Renter pilot liability

October 1, 1996

Do you know whether you have insurance protection when you rent an aircraft?

This is a question that continues to plague pilots. We first posed it in this column as long ago as January 1965, then again in November 1974, and in May 1980. In 1996, many pilots still answer the question "no."

Simply stated the problem is this: When you rent (or even borrow) an aircraft, you may not be insured against claims for injuries to passengers or others arising from your operation of the aircraft; and chances are that you are not insured against claims for damage to the aircraft itself. What aggravates the problem is that many renter pilots are not aware of this situation — and don't become aware of it until there is a claim. At that point the problem becomes a personal crisis.

The most obvious solution is to ask for and read the FBO's insurance policy to see whether you are covered. This is not a very practical solution. Most pilots don't do it.

Over the years other ideas have been tried. For example, sympathetic courts have strained to interpret the insurance policy to find coverage for the renter, with mixed results. Some states — too few — have enacted legislation that requires the fixed base operator to disclose to renters what coverage is on the aircraft. But that's only disclosure, not coverage. At least one state, California, requires FBOs to maintain liability protection for renter pilots. Some few FBOs, without the compulsion of legislation, have asked that renter pilots be protected in the FBO's policy of insurance on the rental fleet.

The single most satisfactory solution has been the availability of "nonownership" aircraft insurance, which is being offered by several insurers.

If you are flying your own aircraft, you probably will have insurance to protect you in the event the aircraft is damaged or destroyed. By the same token, the FBO also will have insurance protection for its aircraft. But the insurance will protect the FBO and not necessarily the renter pilot.

A typical aircraft policy will provide at least these coverages: physical loss or damage to the aircraft itself (hull coverage), and claims by passengers or other persons for injury to them or damage to their property (liability coverage).

With respect to the liability coverage, if there is an accident resulting in claims by passengers or third parties, the insurance company will defend the FBO or other owner and pay any liability judgment or settlement. While the owner will be protected, the renter or borrower may not be.

With respect to the hull coverage, if the owner's aircraft is damaged or destroyed, the insurance company will pay the owner under the hull coverage. If there is a loss, the insurance company has a right, after paying the insured person, to "subrogate" or claim against a third party who caused the damage — the renter pilot. Furthermore, even if the insurance company doesn't subrogate, the FBO continues to have a claim against the renter pilot for the deductible portion.

Many FBOs now have renter pilots sign a rental agreement in which the renter promises to pay the deductible portion of any loss or damage to the rented aircraft.
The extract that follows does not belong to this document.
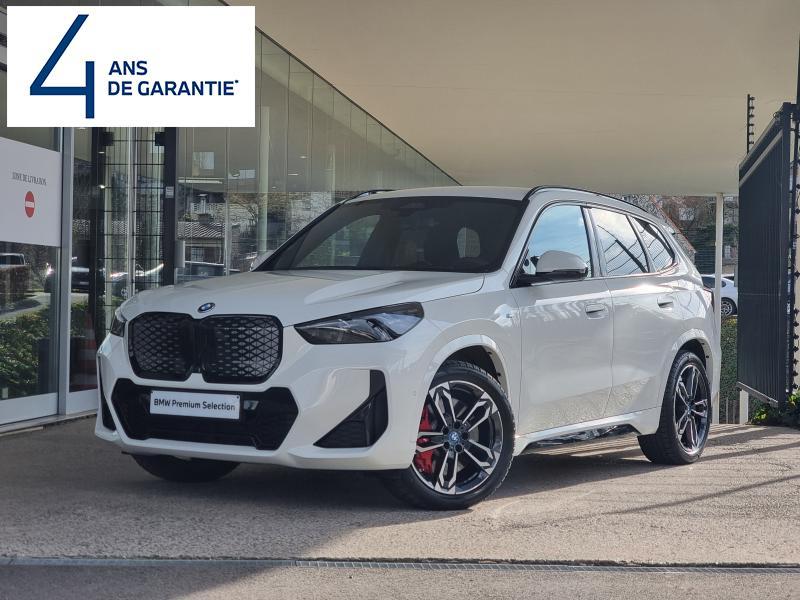 BMW iX1 sDrive 20 M Sport, Zwart, Elektrisch, 5 deurs, SUV of Terreinwagen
Sometimes a renter pilot will pay the FBO in accordance with the agreement, believing that's the end of it, only to be faced later with a subrogation claim by the insurance company.

We've already mentioned the effort to find a judicial solution. The first court case that came to our attention was a 1965 Maryland case in which a renter pilot crashed while trying to get out of a short field. The insurance company paid the FBO for the loss of the aircraft, then subrogated against the renter pilot.

This case squarely presented the question of whether the hull insurance on the aircraft protected the renter pilot. The Maryland Court of Appeals held that the hull coverage did not cover the renter pilot. This was the case that provoked our January 1965 article, in which we tried to alert our members to the problem.

After that there were a number of cases in which the courts struggled with the language of the policies and did find coverage for the renter pilot. In more recent times the cases have been going against renters.

The trouble with this attempted judicial solution is that in each of these cases the court struggled mightily to interpret the language of the policy to favor the renter pilot. As a result, some insurance companies have rewritten their policies to make it very explicit that the coverage does not protect the renter pilot.

Another solution is to enlarge the FBO's policy to protect the renter pilot. This approach has met with some success as far as liability coverage is concerned. Some FBOs have been willing to accept the increase in insurance premiums to provide this coverage.

The more difficult problem relates to the hull coverage. As well as we have been able to determine, there are no FBO insurance policies presently in force that protect the renter pilot with hull coverage. Some policies do contain waivers of subrogation benefiting certain specified individuals or corporate renters; but we could find none that contain a blanket waiver of subrogation benefiting all renter pilots.

At present, the most practical solution is the so-called nonownership policy being offered by a few insurance companies. The policy is divided into two parts, just as is the typical aircraft policy that we discussed earlier. The liability part is available at nominal cost and is not optional. The hull part is relatively more expensive and is optional. I have a fear that some pilots are buying only the liability part, believing that they are getting coverage for both.

In summary, a pilot who rents (or borrows) an aircraft should be aware of the liability that could be incurred from the use of the aircraft, including the liability for damage or loss to the aircraft itself. A prudent pilot should make sure that he or she is reasonably protected from this potential liability.